• **Work order**
Restate every line below word for word, but drop each picture.

• **Dataset content**
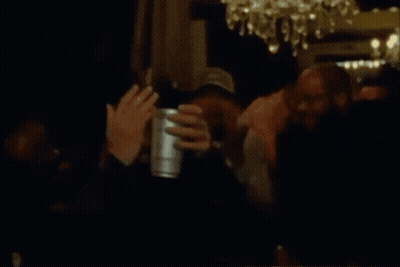 Man Covering Face With Cup GIF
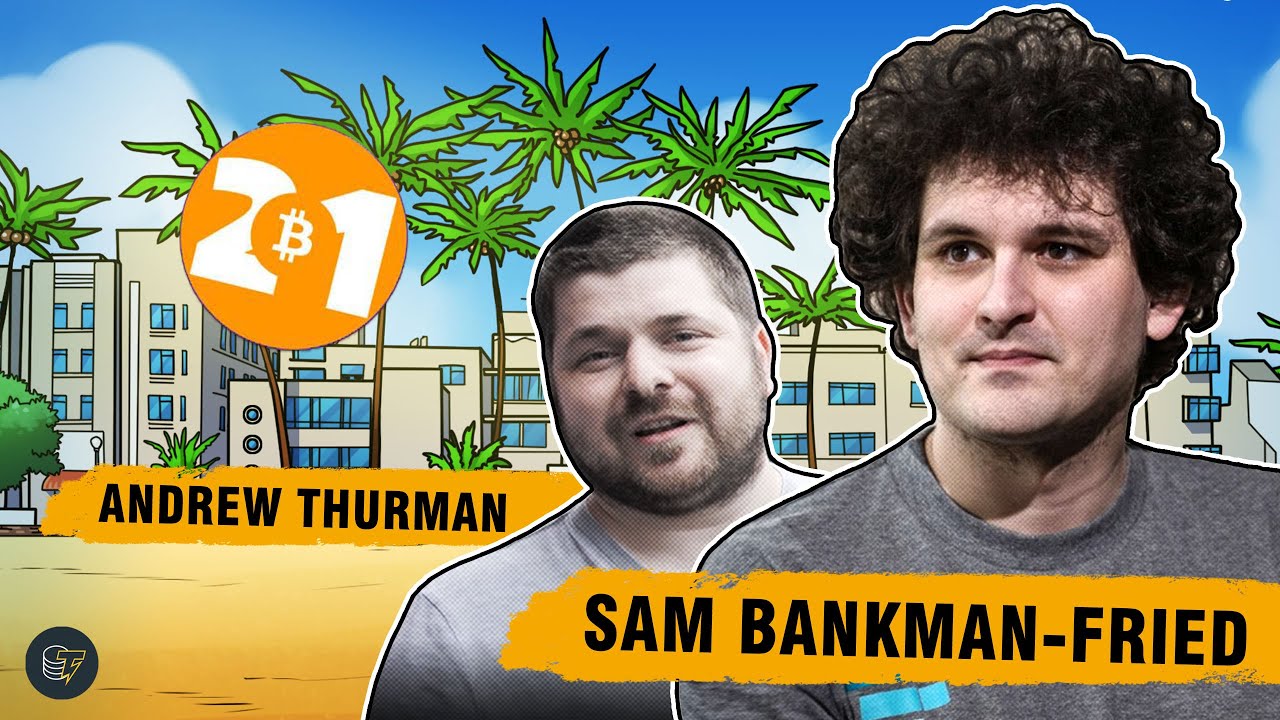 Cointelegraph’s 2021 interview artwork showing Andrew Thurman and FTX co-founder Sam Bankman-Fried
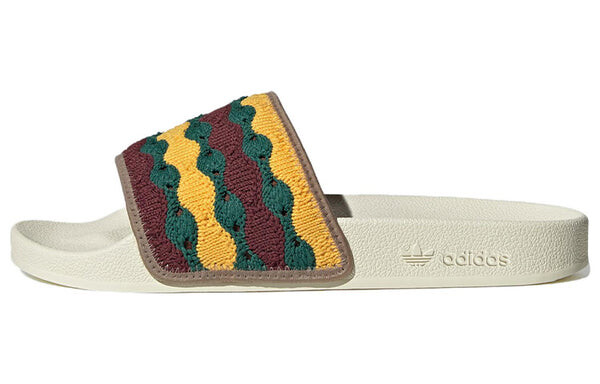 Тапочки adilette слайды Adidas, белый — фото 2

• **The answer**
 Man Covering Face With Cup GIF
 Cointelegraph’s 2021 interview artwork showing Andrew Thurman and FTX co-founder Sam Bankman-Fried
 Тапочки adilette слайды Adidas, белый — фото 2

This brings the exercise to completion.